Yet no one else cares. Its boring in the books I have read, it's boring on TV, and its boring to hear other people talk about it.
Why do people tune out divorce and custody issues?
When your going thru it, it is just like someone attacking you! yet people's response is "so?"
But then, I've seen divorce/custody battles up close. If I don't watch a movie about the subject, it's because I find it too painful.
If I were to write a divorce story:
The break-up would be spawned by some miscommunication between two people who loved each other. Then one person would actually do something wrong based on the miscommunication. It would have to be a story of two good people who kept making honest mistakes and misconstruing each other's honest mistakes.

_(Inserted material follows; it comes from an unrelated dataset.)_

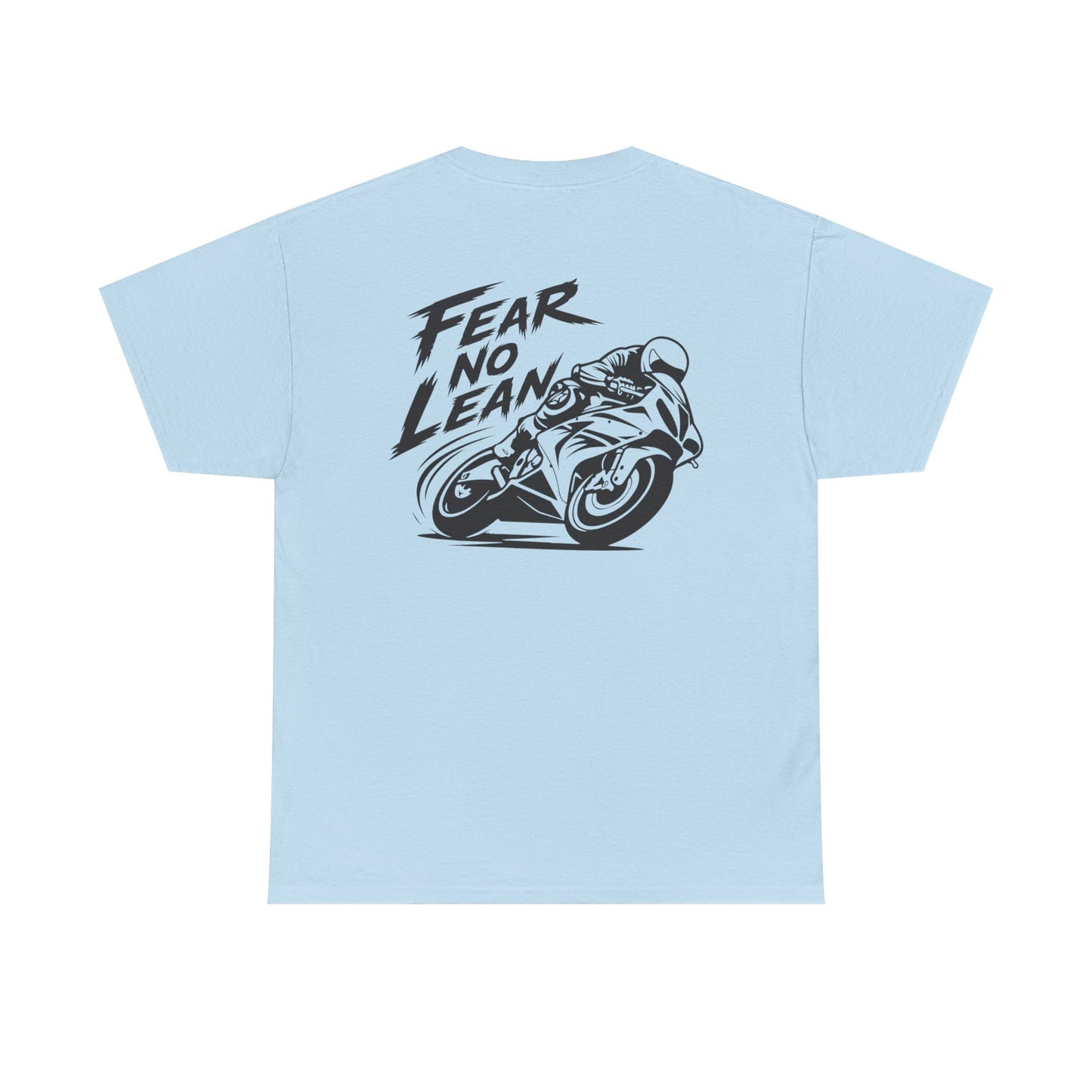 Fear No Lean Tee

Like a husband who gets a part time job to pay for his wife's birthday present, something she has always wanted, but he can't tell her why he has the parttime job, so she thinks the job is fake and that he is having an affair. She takes it out on the kids, she is driven to do something really bad with them, and some misunderstanding about how she treats the kids starts the divorce, and when it finally gets cleared up, the couple would go through the divorce out of some misplaced sense of guilt and inadequacy for even starting this mess, because once you start down that road, it's hard to stop.
And with kids, it's hard. You have to portray a custody battle that's not built upon selfishness.
You'd have to understand what makes marriages beautiful, I think, and the insecurities or pressures that tear them apart creating a wound that doesn't get healed.
___________________________
Like everything, it would have to be about the incidents and the accidents. To make a divorce story work, the character has to do something with what can be construed as with the right intentions that subtly has all of the wrong consequences.
[This message has been edited by Tanglier (edited February 18, 2005).]
We're so used to the idea of divorce that it is hardly the scandalous thing it once was. No point in quoting stats, it's almost expected now that people will be divorced.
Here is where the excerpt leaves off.